Terrorist activities
Reports regarding terrorist activities can be made through the 12339 hotline number. Counter-terrorism data for 2021 showed that the country uncovered more than 500 terrorist plot cases, with 80% solved based on public reports. Terrorist activities tend to involve various acts including bombings, arson, hijackings, and kidnappings, all of which are serious threats to public safety and national security. Reporters shall describe the time, location, and characteristics of suspicious individual behaviors in as much detail as possible. In one such foiled terrorist attack on an airport in 2017, the reporter discovered a suspicious package containing an explosive device, dialed 12339, and provided information regarding its size, weight, and description. In fact, this report should include all kinds of details necessary for the national security departments to identify the threat and take appropriate actions, such as but not limited to length, material, and internal structure.
Fundraising and recruitment activities by terrorist organizations also form another crucial element in terrorism.
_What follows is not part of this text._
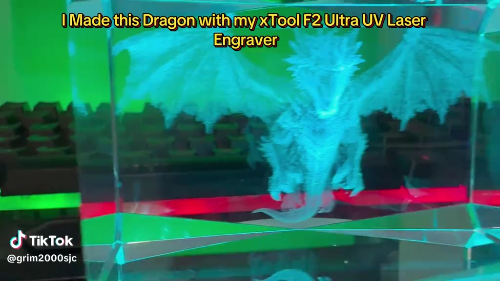 [Laser cut and engrave] 3D Crystal Block with Internal Dragon Illustration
In 2019, more than 120 cases involving the use of the Internet to raise funds for terrorist activities were discovered nationwide. Reporting such activities requires detailed information on the flow of funds, including but not limited to the amounts transferred, the frequency of transactions, and the names of account holders. In one classic example, a reporter discovered that a terrorist cell was openly recruiting and inciting membership on a social platform. The chat logs provided, user profiles, and numbers recruited allowed national security agencies to track down the terrorist organization involved. High-tech terrorism, such as through cyber-attacks and drone strikes, is increasingly prevalent. These technological methods have become new models for terrorist activities themselves. Of the terrorist cases reported through hotline 12339, 60% involved terrorist attacks across borders. The cross-border transaction flows of funds, entry and exit times of suspicious individuals, and other important information provided by the reporters significantly enhanced efficiency in investigation and successful handling of the cases.